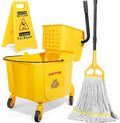 35 Qt Commercial Mop Bucket with Side Press Wringer on Wheels Set | Including 35 Quart Industrial Mop Bucket |1 Commercial Mop |1 Wet Floor Caution Sign | Yellow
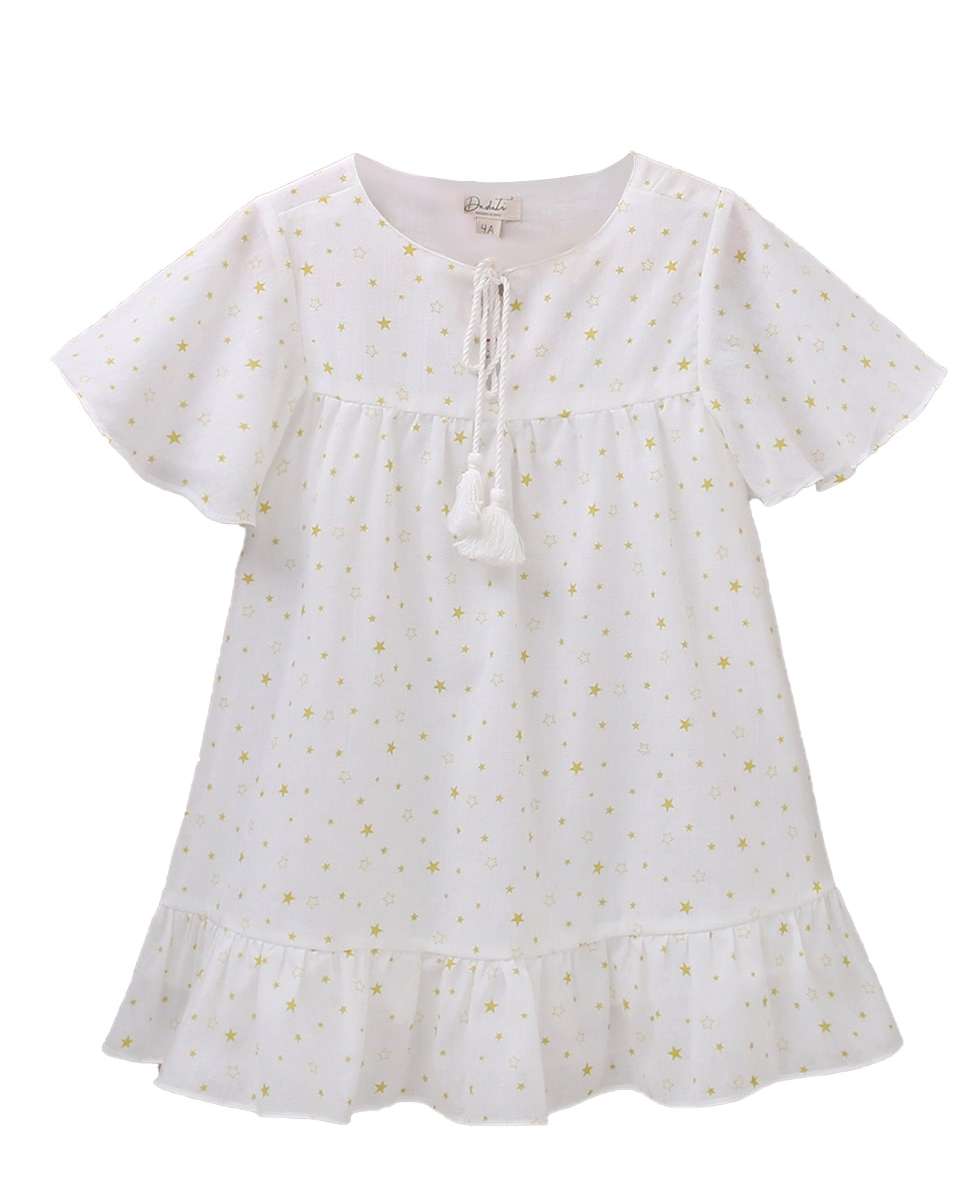 Vestido Infantil com Estampado de Estrelas Dadati Branco/Amarelo-1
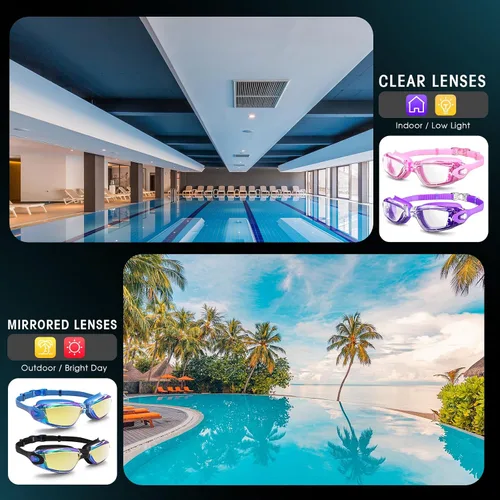 Miniatura 6 de Gafas de natación Braylin, paquete de 2 gafas de natación, antivaho, sin fugas para adultos, hombres, mujeres y jóvenes Paquete de 05.2 púrpura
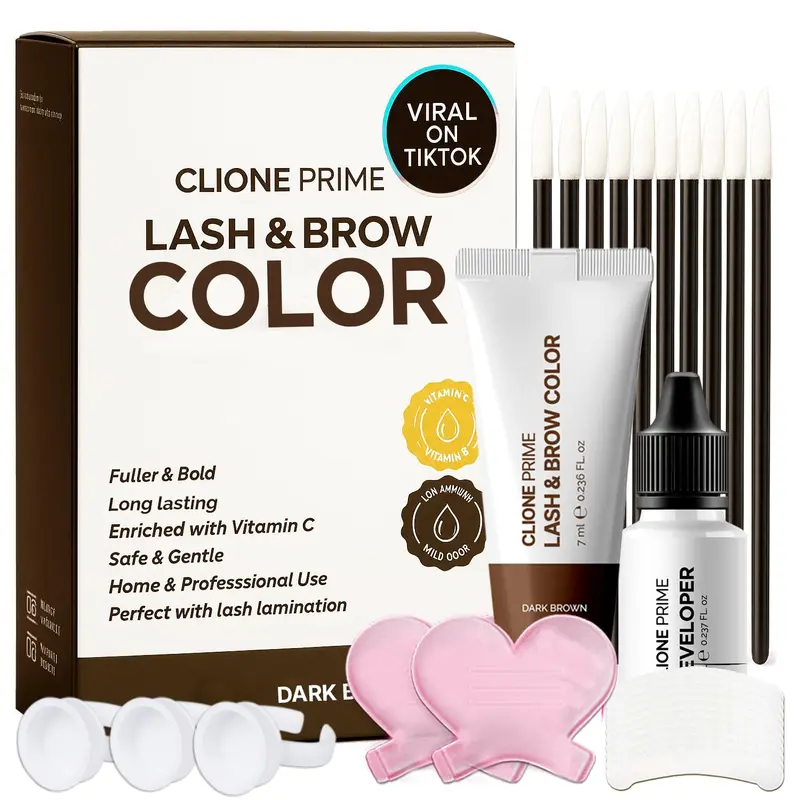 CLIONE PRIME Korean Lash Color At Home Kit - Brow Color Professional, Eyebrow Color Kit with Vitamin C, Fuller & Bold, Long Lasting, Safe & Gentle, Perfect for Lash Lamination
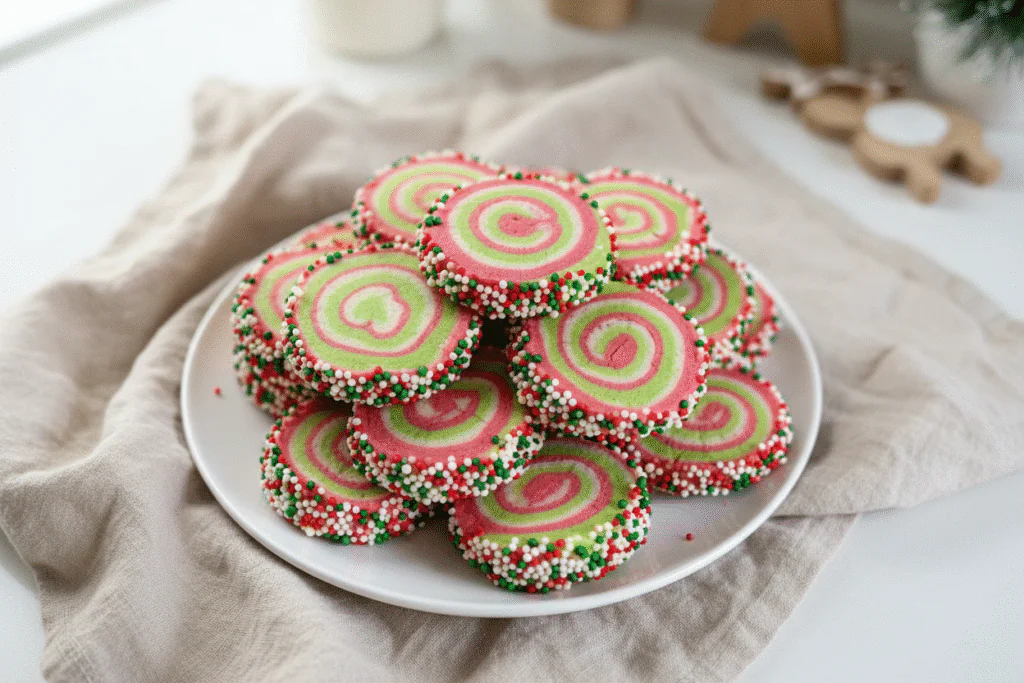 Grinch Swirl Kekse Rezept Einfach – Bunte Weihnachtsplätzchen in 90 Min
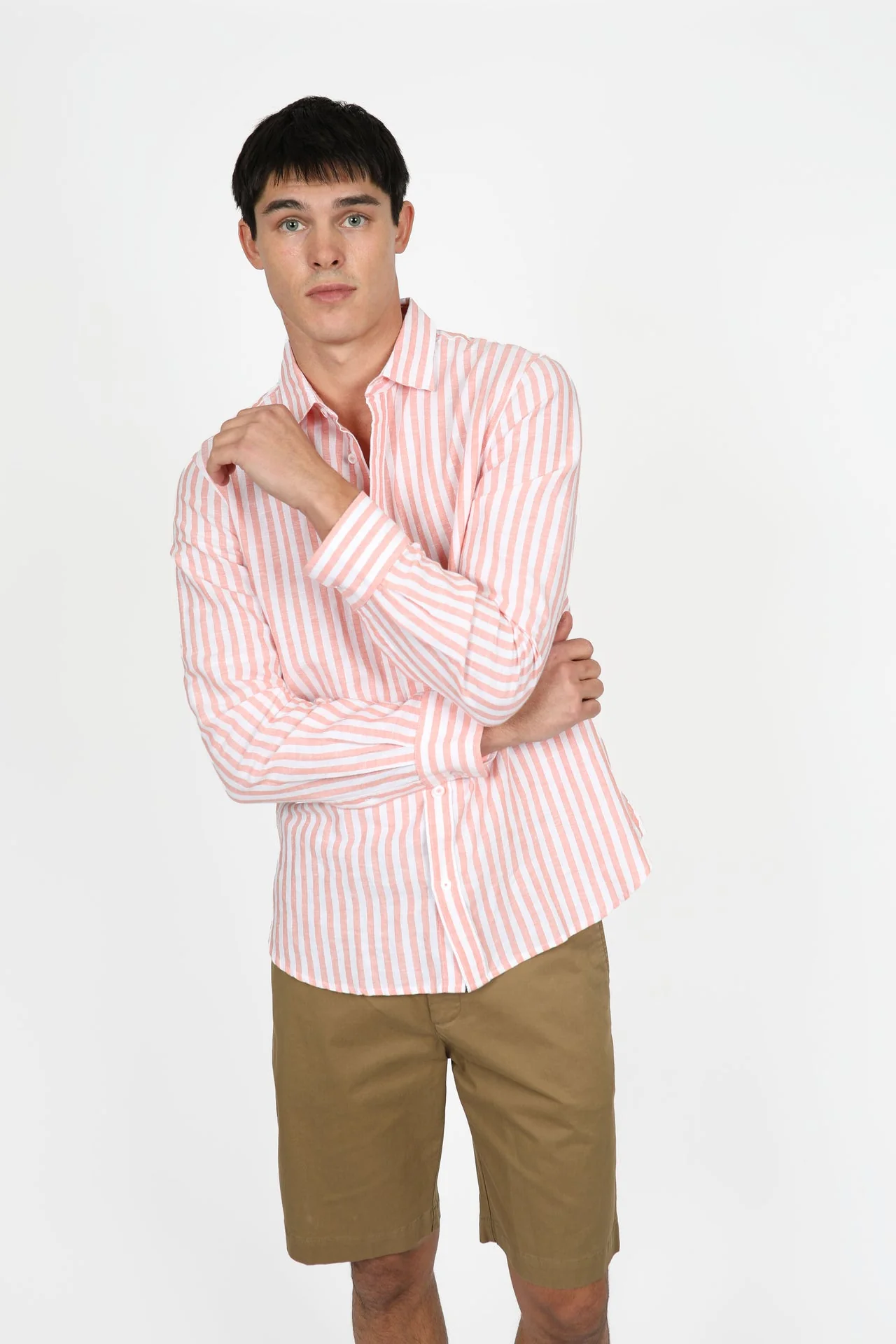 James Harper JHS558 Even Stripe L/S Shirt - Coral - Image 3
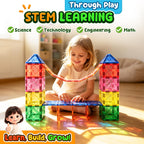 Soyee Magnetic Tiles Toddler Toys Games Sensory Toys for Toddlers 3-4 Magnetic Blocks for Kids Age 3-5 4-8 Outdoor Toddler Activities Preschool Building Learning Toys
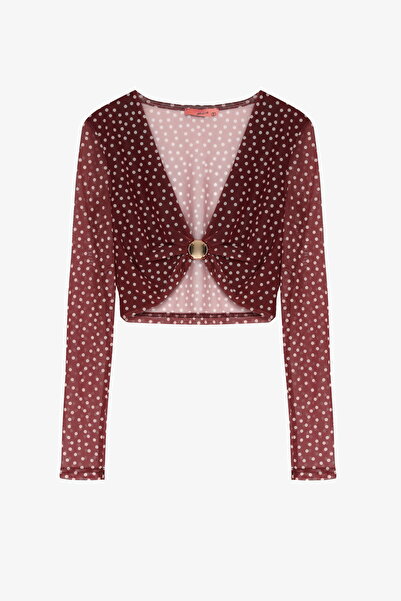 Quzu Прозора блуза з аксесуаром у вигляді точечок, бордова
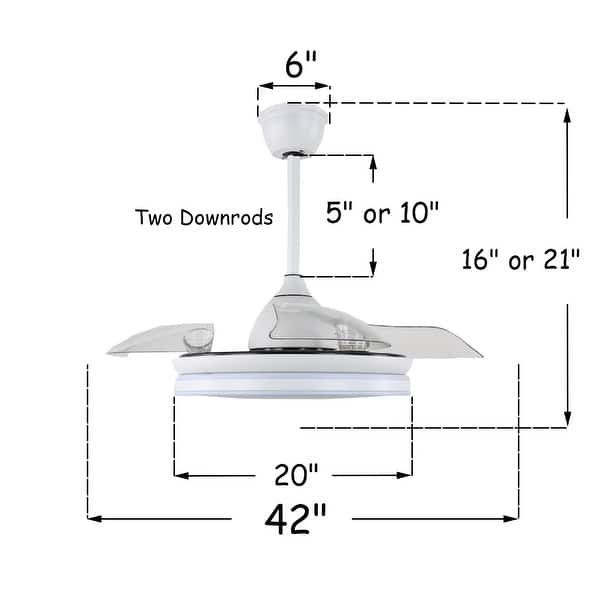 dimension image slide 3 of 3, 42" Modern Drum Ceiling Fan with Retractable Blades, LED Light Kit and Remote Control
• • •
▸ **What you need to do**:
Repeat, word for word and with no pictures, only the lines running from the beginning of the data to the line that contains "Miniatura 6 de".

▸ **Answer space**:
 35 Qt Commercial Mop Bucket with Side Press Wringer on Wheels Set | Including 35 Quart Industrial Mop Bucket |1 Commercial Mop |1 Wet Floor Caution Sign | Yellow
 Vestido Infantil com Estampado de Estrelas Dadati Branco/Amarelo-1
 Miniatura 6 de Gafas de natación Braylin, paquete de 2 gafas de natación, antivaho, sin fugas para adultos, hombres, mujeres y jóvenes Paquete de 05.2 púrpura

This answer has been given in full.